(Caption-style text data)
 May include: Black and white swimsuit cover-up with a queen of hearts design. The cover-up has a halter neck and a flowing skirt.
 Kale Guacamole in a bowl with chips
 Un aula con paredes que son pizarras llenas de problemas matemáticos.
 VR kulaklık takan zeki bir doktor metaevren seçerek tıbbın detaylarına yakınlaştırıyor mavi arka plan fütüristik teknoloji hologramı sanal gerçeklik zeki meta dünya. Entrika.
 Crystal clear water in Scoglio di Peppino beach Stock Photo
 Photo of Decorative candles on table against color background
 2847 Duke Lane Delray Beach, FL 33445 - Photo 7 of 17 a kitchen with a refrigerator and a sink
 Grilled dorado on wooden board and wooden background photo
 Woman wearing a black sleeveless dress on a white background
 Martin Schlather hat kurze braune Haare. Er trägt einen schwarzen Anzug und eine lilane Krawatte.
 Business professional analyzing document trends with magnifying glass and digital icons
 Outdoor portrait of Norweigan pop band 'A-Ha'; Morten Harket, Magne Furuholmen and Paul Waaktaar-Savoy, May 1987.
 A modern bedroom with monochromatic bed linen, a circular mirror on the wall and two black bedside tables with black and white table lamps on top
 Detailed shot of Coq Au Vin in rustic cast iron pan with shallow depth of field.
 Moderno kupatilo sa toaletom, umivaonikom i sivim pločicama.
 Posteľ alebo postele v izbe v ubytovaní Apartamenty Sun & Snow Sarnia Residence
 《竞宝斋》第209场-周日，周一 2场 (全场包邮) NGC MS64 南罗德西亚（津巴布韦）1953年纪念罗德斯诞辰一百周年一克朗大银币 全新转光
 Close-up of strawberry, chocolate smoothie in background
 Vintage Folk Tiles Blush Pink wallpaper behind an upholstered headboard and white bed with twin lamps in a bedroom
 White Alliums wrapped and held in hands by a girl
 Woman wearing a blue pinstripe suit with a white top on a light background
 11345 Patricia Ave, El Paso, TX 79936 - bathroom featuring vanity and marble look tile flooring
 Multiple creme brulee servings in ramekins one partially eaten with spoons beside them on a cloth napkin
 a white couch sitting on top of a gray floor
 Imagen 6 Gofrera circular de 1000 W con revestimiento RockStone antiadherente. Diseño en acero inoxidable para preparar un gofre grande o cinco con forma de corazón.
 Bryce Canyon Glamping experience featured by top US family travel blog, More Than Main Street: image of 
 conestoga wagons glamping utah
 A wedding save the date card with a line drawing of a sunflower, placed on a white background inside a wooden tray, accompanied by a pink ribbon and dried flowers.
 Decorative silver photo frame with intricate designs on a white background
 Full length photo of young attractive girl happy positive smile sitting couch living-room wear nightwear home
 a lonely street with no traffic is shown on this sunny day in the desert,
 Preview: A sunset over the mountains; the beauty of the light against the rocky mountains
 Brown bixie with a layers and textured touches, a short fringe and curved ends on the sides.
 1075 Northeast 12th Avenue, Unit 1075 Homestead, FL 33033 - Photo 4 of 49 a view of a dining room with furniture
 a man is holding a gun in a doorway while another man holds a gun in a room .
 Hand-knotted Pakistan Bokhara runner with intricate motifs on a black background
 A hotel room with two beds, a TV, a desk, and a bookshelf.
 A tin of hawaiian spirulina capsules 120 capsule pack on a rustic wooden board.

Problem details:
Print the records again in their entirety, character for character.

Task response:
 May include: Black and white swimsuit cover-up with a queen of hearts design. The cover-up has a halter neck and a flowing skirt.
 Kale Guacamole in a bowl with chips
 Un aula con paredes que son pizarras llenas de problemas matemáticos.
 VR kulaklık takan zeki bir doktor metaevren seçerek tıbbın detaylarına yakınlaştırıyor mavi arka plan fütüristik teknoloji hologramı sanal gerçeklik zeki meta dünya. Entrika.
 Crystal clear water in Scoglio di Peppino beach Stock Photo
 Photo of Decorative candles on table against color background
 2847 Duke Lane Delray Beach, FL 33445 - Photo 7 of 17 a kitchen with a refrigerator and a sink
 Grilled dorado on wooden board and wooden background photo
 Woman wearing a black sleeveless dress on a white background
 Martin Schlather hat kurze braune Haare. Er trägt einen schwarzen Anzug und eine lilane Krawatte.
 Business professional analyzing document trends with magnifying glass and digital icons
 Outdoor portrait of Norweigan pop band 'A-Ha'; Morten Harket, Magne Furuholmen and Paul Waaktaar-Savoy, May 1987.
 A modern bedroom with monochromatic bed linen, a circular mirror on the wall and two black bedside tables with black and white table lamps on top
 Detailed shot of Coq Au Vin in rustic cast iron pan with shallow depth of field.
 Moderno kupatilo sa toaletom, umivaonikom i sivim pločicama.
 Posteľ alebo postele v izbe v ubytovaní Apartamenty Sun & Snow Sarnia Residence
 《竞宝斋》第209场-周日，周一 2场 (全场包邮) NGC MS64 南罗德西亚（津巴布韦）1953年纪念罗德斯诞辰一百周年一克朗大银币 全新转光
 Close-up of strawberry, chocolate smoothie in background
 Vintage Folk Tiles Blush Pink wallpaper behind an upholstered headboard and white bed with twin lamps in a bedroom
 White Alliums wrapped and held in hands by a girl
 Woman wearing a blue pinstripe suit with a white top on a light background
 11345 Patricia Ave, El Paso, TX 79936 - bathroom featuring vanity and marble look tile flooring
 Multiple creme brulee servings in ramekins one partially eaten with spoons beside them on a cloth napkin
 a white couch sitting on top of a gray floor
 Imagen 6 Gofrera circular de 1000 W con revestimiento RockStone antiadherente. Diseño en acero inoxidable para preparar un gofre grande o cinco con forma de corazón.
 Bryce Canyon Glamping experience featured by top US family travel blog, More Than Main Street: image of 
 conestoga wagons glamping utah
 A wedding save the date card with a line drawing of a sunflower, placed on a white background inside a wooden tray, accompanied by a pink ribbon and dried flowers.
 Decorative silver photo frame with intricate designs on a white background
 Full length photo of young attractive girl happy positive smile sitting couch living-room wear nightwear home
 a lonely street with no traffic is shown on this sunny day in the desert,
 Preview: A sunset over the mountains; the beauty of the light against the rocky mountains
 Brown bixie with a layers and textured touches, a short fringe and curved ends on the sides.
 1075 Northeast 12th Avenue, Unit 1075 Homestead, FL 33033 - Photo 4 of 49 a view of a dining room with furniture
 a man is holding a gun in a doorway while another man holds a gun in a room .
 Hand-knotted Pakistan Bokhara runner with intricate motifs on a black background
 A hotel room with two beds, a TV, a desk, and a bookshelf.
 A tin of hawaiian spirulina capsules 120 capsule pack on a rustic wooden board.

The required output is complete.